___ INFORMATION SHOWN

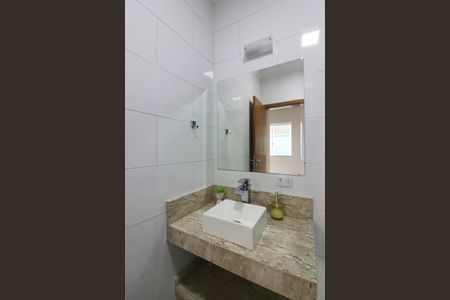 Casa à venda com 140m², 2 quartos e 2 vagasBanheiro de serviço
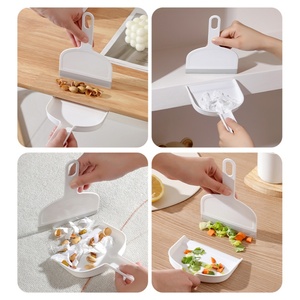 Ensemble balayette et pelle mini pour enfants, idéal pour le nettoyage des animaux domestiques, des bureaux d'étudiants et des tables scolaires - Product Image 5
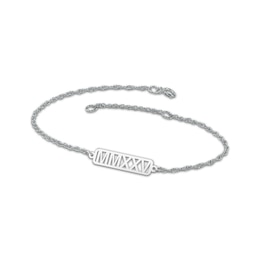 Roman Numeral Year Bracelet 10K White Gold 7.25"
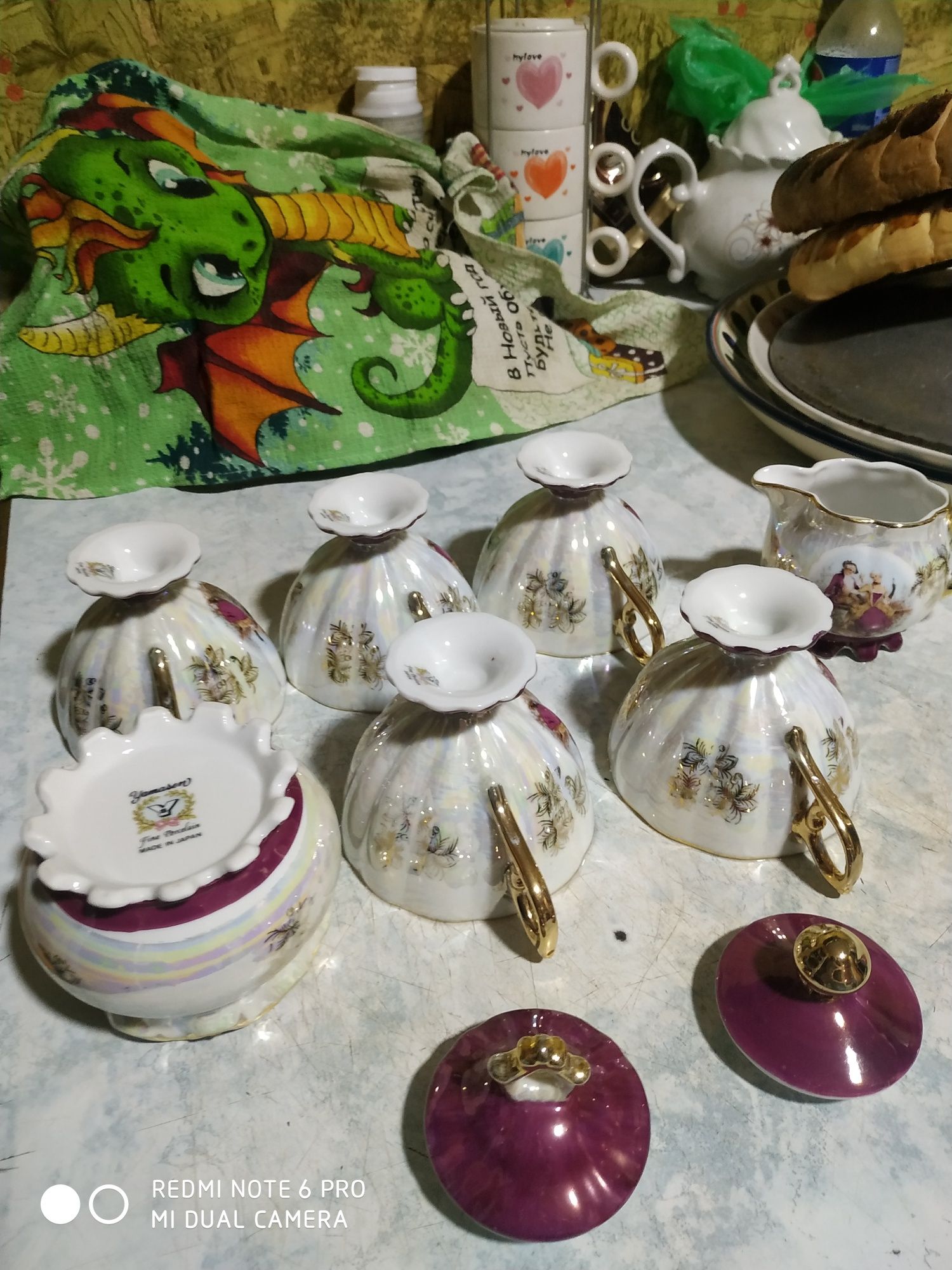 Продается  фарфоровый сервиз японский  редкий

______

▸ **WHAT TO PRODUCE**
Every line from the one containing "Ensemble balayette et" to the last line of the material must be returned exactly. Leave out any pictures.

▸ **OUTPUT BELOW**
 Ensemble balayette et pelle mini pour enfants, idéal pour le nettoyage des animaux domestiques, des bureaux d'étudiants et des tables scolaires - Product Image 5
 Roman Numeral Year Bracelet 10K White Gold 7.25"
 Продается  фарфоровый сервиз японский  редкий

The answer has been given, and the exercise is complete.